Restaurant information
- Established: February 3, 1984
- Previous owners: Ezell Stephens and Lewis Rudd
- Location: 501 23rd Avenue, Seattle, King County, Washington, 98122, United States
- Coordinates: 47°36′23″N 122°18′11″W﻿ / ﻿47.60639°N 122.30306°W
- Other locations: Yes
- Website: ezellschicken.com

= Ezell's Chicken =

Fast food restaurant in Seattle, Washington, U.S.

Ezell's Famous Chicken is a Seattle fast food restaurant. The first restaurant was opened on February 3, 1984, in Seattle's Central District neighborhood, near Garfield High School. The restaurant chain has 12 other locations in the Puget Sound region, including a location on the Microsoft campus in Redmond that opened in 2006. In 2015, the chain opened its Spokane location, its first restaurant outside of Western Washington.

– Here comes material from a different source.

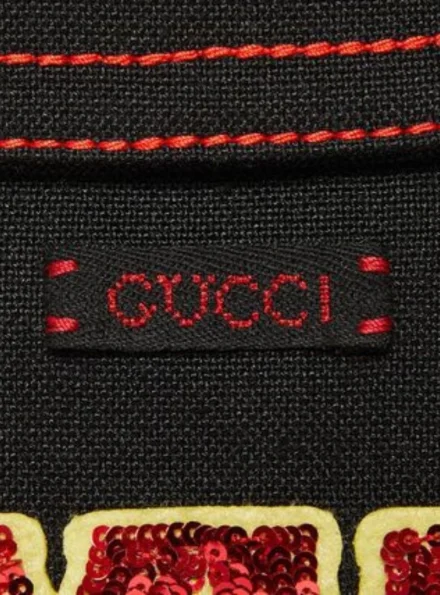 Jenna Ortega cropped Hollywood Babylon jacket Gucci emblem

The first international location for Ezell's opened in June 2015, in Sharjah, United Arab Emirates. The Sharjah location has since closed.

Ezell's was made famous when talk show host Oprah Winfrey called it her favorite fried chicken. It is also said she has the chicken flown to her in Chicago when she has a craving.

==History==

The restaurant was founded by Ezell Stephens and Lewis Rudd, opening its first location on February 3, 1984, in the Central District. The pair, from Scottsville, Texas, discussed opening a restaurant in 1978 after Ezell left the Coast Guard and Lewis left the Army. Stephens and Rudd attended night school and later earned a loan from the Small Business Administration to open their store. A second location was opened in the University District in 1988, but closed in 1994 after financial problems. A second round of expansion began in 1998.

In 2021, Ezell's launched a "R.U.B.B. (Raising Up Black Businesses) Initiative", offering 20 inaugural grants of $2,500 each to Black-owned businesses or organizations in Washington state. The Initiative expanded to include a leadership conference the following year.

==Departure of Ezell Stephens==

Following a contentious lawsuit Ezell Stephens left the company he started with his business partners Lewis and Faye. Ezell opened three restaurants in Everett, Lake City, and Renton, Washington. In November 2011, Ezell Stephens changed the name of his three locations to Heaven Sent Fried Chicken, because in the lawsuit he lost the rights to the name, but got to keep his recipe. In February 2019, the Renton location of Heaven Sent closed.